Ironically, it is the clownish version of Williams that conservatives like to remember, for it allows them to write off Richards as an accidental governor, one who won only by dint of her pitiful opponent. But as several of Richard’s former staffers point out in “All About Ann,” it wasn’t only the misogyny that undid Williams. The margin of victory came from working class voters, especially in East Texas – a generally-conservative group, but one with a populist streak. Richards could out-good-ole-boy the good-ole-boys and could poke fun at Texas’s bubbas while winning their vote, and her campaign coupled her personal touch with a concerted effort to portray Williams as a big businessman unconcerned with working Texans. Williams’ steadfast refusal to release his tax returns, and his out-of-the-blue admission in the campaign’s final week that he had paid no taxes during the crash year of 1986, helped Richards rack up votes in East Texas, sealing the election for her.

From left: Texas Governor Ann Richards, Nelson Mandela, Dominique de Menil, And Texas State Senator Rodney Ellis (Senator Rodney Ellis/Wikipedia)

From left: Texas Governor Ann Richards, Nelson Mandela, Dominique de Menil, and Texas State Senator Rodney Ellis, 1991 (Senator Rodney Ellis/Wikipedia)

Richards began her governorship ready to “make changes that should have been made a long time ago.” Continuing her record as treasurer, she appointed an even split of men and women in her first 100 days. The officials reflected the diverse state: 54% were white, 25% Hispanic, and 21% black. The film provides a laudatory overview of Richards’ term. She threw out rubber-stamp regulators in the insurance department, passed a new ethics law, put teeth into seldom-enforced environmental rules, and implemented an addiction treatment program in state prisons to reduce recidivism, all broadly popular moves that kept her personal approval ratings high and grew her national profile.

This approving account of Richards’ time in office provides little sense of her shortcomings, and notably excludes mention of struggles involving the budget and school finance. The oversight is compounded by the directors’ failure to include any interviews with either critics or opponents of the former Governor. As a result, “All About Ann” is hard pressed to explain just how Richards, despite her personal popularity, lost decisively to George W. Bush in 1994. The film provides two culprits: Karl Rove, a political consultant made uniquely powerful by a lack of scruples, and an election cycle unusually hostile to Democrats. The film puts Rove behind rumors that Richards’ supposed legions of gay supporters were poised to spread their “lifestyle” through the public schools, and a whisper campaign about gun confiscation, an effective, if unoriginal, charge that was bolstered by Richards’ veto of concealed carry legislation. Meanwhile, Bush – a likeable, attractive, and disciplined campaigner – could play it straight, avoiding the personal attacks and mistakes that destroyed his Republican predecessor. Although he criticized Richards for being soft on crime and presented his own ideas about education reform, Bush ran against Bill Clinton as much as the sitting Governor, attacking an unpopular president in a midterm year that would give Republicans control of Congress.

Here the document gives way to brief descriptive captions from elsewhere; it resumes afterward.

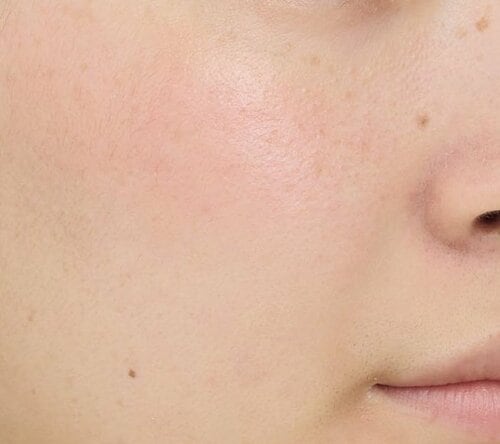 【ツヤ感】年齢を選ばないほどよいツヤ チークおすすめ イメージ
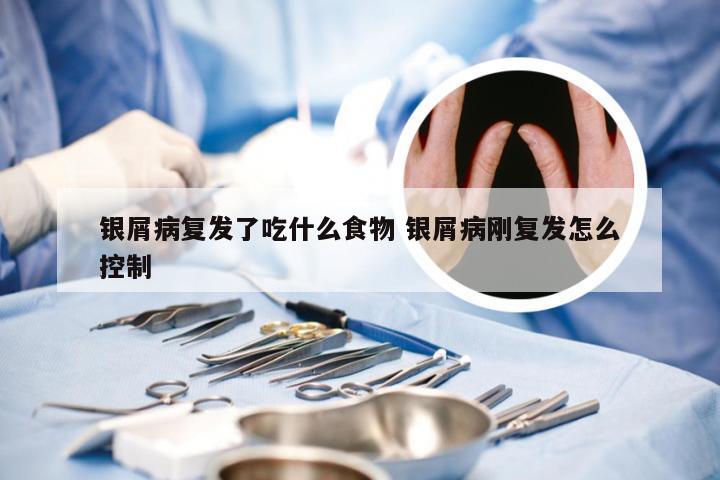 银屑病复发了吃什么食物 银屑病刚复发怎么控制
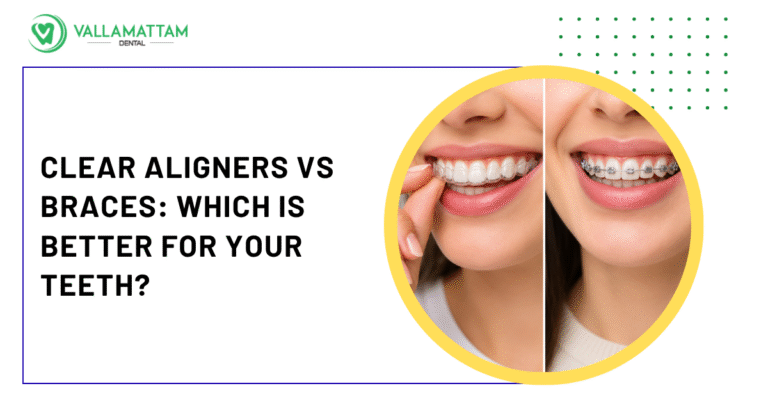 Clear Aligners vs Braces: Which Is Better for Your Teeth?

Just as the idea of Richards as an accidental governor denies her ground-breaking victory, the story presented by her allies that she was felled by forces beyond her control denies Richards’ role in her own defeat. As Jan Reid argues in his sympathetic, but by no means uncritical, 2012 biography of Richards, the Governor’s term can be seen as a parabola: real successes in the first two years were followed by a decline in the latter two. Richards divided her time and energy between governing in Austin and involvement in the national scene, leaving her without a clear program and on the defensive against a rising tide of Republican attacks. In 1990 Richards had been the brassy outsider. Four years later, lacking a bold policy agenda to match her personality, she was open to being defined by her enemies and vulnerable to the sorts of attacks – guns, God and gays – that Rove and Co. used to great effect. Her campaign centered on the complaint that Bush was a spoiled novice whose only qualification for the Governorship was that he thought he was entitled to it. She couldn’t convince enough Texas voters that he was not.

Image of Ann Richards firing a gun from the film, "Backwards and In High Heels" (Texas Democrats)

Image of Ann Richards firing a gun from the film, “Backwards and In High Heels” (Texas Democrats)

Richards would find plenty to do after leaving the Governor’s Mansion. She had no interest in running for another elected office, telling the public after her loss that “I’ve been doing this for 18 years – not as long as I was a housewife – and now I look forward to something new.” The documentary shows the many roles she played: as a lobbyist and strategist, lecturer, stump speaker for female Democratic candidates, and as a fantastic talk show guest. All throughout she continued her fight on behalf of the causes she had advanced during her political career, especially the rights of women to control their own bodies, right up until her death from esophageal cancer in 2006.

The release of “All About Ann” comes as another Texas woman, the first, in fact, since Richards, has received the Democratic gubernatorial nod, and comparisons between the two are inevitable. Like Ann Richards, Wendy Davis has captured national attention and built a dedicated base among Texas women at a time when reproductive rights are at the forefront of political conversation. Unlike Richards, however, Davis faces a Republican Party that is much more dug in, and her opponent, Greg Abbott, while perhaps not having the personal likability of George W. Bush or Rick Perry’s deep understanding of the right wing id, is no Clayton Williams. And outside of her core supporters, Davis has yet to show that she can connect with Texas voters in the way that Richards did in 1990.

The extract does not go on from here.